This chapter provides an introduction to viewing and analyzing images of the Earth from space. These images are especially powerful tools to help your students become familiar with other parts of the world, learn about some of the basic processes of geological change on both local and planetary scales, and recognize the human presence and impact on Earth.

However, you'll find that students (and adults!) are not familiar with the distance scale, the colors, or the unusual perspective of the images, and therefore have a difficult time deciphering them.  To incorporate these images in your curriculum, you and your students will need a new set of skills.

In this chapter we provide some guidance on how to approach the images - how to find images that are especially interesting, how to get oriented to their scale and location, and how to pursue investigations stimulated by the images.

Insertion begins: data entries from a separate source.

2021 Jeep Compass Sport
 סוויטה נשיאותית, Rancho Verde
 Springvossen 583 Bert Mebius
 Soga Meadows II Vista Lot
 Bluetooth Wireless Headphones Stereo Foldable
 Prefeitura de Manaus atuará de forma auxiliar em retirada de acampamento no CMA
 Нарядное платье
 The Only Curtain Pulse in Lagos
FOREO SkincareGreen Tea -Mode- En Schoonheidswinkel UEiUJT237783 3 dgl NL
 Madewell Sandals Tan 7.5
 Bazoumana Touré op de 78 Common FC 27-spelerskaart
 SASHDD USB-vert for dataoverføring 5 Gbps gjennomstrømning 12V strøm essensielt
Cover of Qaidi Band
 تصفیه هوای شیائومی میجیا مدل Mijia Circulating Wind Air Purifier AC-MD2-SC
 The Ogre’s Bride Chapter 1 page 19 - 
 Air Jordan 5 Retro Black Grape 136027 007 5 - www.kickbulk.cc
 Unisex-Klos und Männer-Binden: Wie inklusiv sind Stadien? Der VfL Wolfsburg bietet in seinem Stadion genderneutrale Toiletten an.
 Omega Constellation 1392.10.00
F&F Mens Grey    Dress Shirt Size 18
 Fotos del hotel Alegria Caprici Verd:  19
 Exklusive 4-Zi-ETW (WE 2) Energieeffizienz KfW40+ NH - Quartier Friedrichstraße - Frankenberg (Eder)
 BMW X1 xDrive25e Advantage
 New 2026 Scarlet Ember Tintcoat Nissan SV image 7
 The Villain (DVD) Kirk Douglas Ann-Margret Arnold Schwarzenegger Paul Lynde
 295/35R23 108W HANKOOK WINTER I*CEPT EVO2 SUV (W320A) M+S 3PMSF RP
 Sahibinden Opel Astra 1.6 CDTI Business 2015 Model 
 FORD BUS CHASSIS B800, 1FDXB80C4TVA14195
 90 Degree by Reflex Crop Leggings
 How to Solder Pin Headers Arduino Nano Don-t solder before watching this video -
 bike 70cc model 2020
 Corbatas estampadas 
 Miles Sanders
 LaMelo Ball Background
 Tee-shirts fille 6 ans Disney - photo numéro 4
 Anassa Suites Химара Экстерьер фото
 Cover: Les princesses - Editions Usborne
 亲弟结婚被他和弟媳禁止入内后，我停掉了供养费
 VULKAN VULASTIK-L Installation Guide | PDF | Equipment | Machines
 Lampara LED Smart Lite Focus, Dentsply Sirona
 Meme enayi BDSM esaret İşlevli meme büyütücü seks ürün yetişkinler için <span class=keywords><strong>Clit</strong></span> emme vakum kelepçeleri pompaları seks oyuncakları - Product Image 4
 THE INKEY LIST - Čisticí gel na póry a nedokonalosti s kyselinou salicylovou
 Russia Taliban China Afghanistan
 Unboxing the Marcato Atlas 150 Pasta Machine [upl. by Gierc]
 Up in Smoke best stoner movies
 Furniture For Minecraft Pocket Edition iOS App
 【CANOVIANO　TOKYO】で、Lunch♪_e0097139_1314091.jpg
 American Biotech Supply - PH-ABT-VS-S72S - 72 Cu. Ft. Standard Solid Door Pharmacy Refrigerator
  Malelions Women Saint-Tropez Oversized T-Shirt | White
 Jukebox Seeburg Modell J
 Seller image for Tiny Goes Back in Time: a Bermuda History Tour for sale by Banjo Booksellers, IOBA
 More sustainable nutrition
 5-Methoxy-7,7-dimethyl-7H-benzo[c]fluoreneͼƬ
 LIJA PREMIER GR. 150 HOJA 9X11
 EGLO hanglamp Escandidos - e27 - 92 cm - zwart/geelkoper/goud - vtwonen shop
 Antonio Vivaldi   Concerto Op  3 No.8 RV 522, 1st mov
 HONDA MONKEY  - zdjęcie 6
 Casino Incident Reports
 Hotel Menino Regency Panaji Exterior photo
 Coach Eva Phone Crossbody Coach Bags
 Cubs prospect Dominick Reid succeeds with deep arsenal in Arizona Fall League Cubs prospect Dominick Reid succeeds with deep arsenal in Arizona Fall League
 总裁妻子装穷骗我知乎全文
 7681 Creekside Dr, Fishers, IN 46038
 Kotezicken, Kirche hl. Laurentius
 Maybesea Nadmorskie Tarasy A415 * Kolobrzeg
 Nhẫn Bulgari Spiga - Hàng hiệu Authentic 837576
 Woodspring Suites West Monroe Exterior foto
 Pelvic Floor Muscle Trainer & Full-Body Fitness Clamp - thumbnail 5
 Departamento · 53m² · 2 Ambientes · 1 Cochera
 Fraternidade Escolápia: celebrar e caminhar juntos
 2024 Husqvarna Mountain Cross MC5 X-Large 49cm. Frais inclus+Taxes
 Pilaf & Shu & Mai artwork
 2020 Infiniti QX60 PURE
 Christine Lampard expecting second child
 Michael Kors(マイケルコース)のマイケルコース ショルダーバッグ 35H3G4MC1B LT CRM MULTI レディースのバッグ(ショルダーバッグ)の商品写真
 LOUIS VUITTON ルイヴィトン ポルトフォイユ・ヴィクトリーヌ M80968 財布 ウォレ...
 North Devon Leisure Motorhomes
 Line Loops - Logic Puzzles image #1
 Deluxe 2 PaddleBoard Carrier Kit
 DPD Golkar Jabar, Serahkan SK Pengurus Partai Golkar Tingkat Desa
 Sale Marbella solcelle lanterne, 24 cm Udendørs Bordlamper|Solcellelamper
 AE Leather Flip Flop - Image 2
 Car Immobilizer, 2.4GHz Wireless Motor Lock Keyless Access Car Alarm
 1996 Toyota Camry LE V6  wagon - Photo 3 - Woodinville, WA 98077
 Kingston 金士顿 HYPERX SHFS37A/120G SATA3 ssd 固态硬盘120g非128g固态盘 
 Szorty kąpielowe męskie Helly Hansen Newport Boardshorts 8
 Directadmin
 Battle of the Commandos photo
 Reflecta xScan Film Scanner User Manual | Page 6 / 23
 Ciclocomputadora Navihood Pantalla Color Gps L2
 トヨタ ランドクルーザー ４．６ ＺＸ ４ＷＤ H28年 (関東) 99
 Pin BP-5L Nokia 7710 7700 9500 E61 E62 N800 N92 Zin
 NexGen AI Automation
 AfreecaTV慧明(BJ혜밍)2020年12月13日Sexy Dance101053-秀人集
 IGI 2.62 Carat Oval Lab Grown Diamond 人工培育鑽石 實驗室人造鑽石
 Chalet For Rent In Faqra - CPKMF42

Before the shuttle flight, it is important only to have a general feeling for the scale of the photographs: what you can hope to capture in a photograph (i.e. don't expect to get a photo showing all of Africa; or one showing the logo on the roof of your school). But before you begin to analyze images from space (either before the flight or after the flight), you should read this chapter carefully. There is a lot of information in each image, but it take practice and guidance to be able to extract it.

Essentials:
• Image scale! Photos from the KidSat camera can capture lakes, river deltas, cities deforestation....but not continents or whole states, and not individual houses or city blocks.

We emphasize investigations and inquiry-based learning because students often learn best when they are personally engaged -- when they  have questions they are pursuing and a genuine interest in the images.  Each image has a story to tell (or several inter-woven stories), and these stories unfold through the investigations. This also mirrors how scientists typically explore and make use of images in their own research.

Note: A set of lithographs, for the images referred to in this chapter, will be sent separately.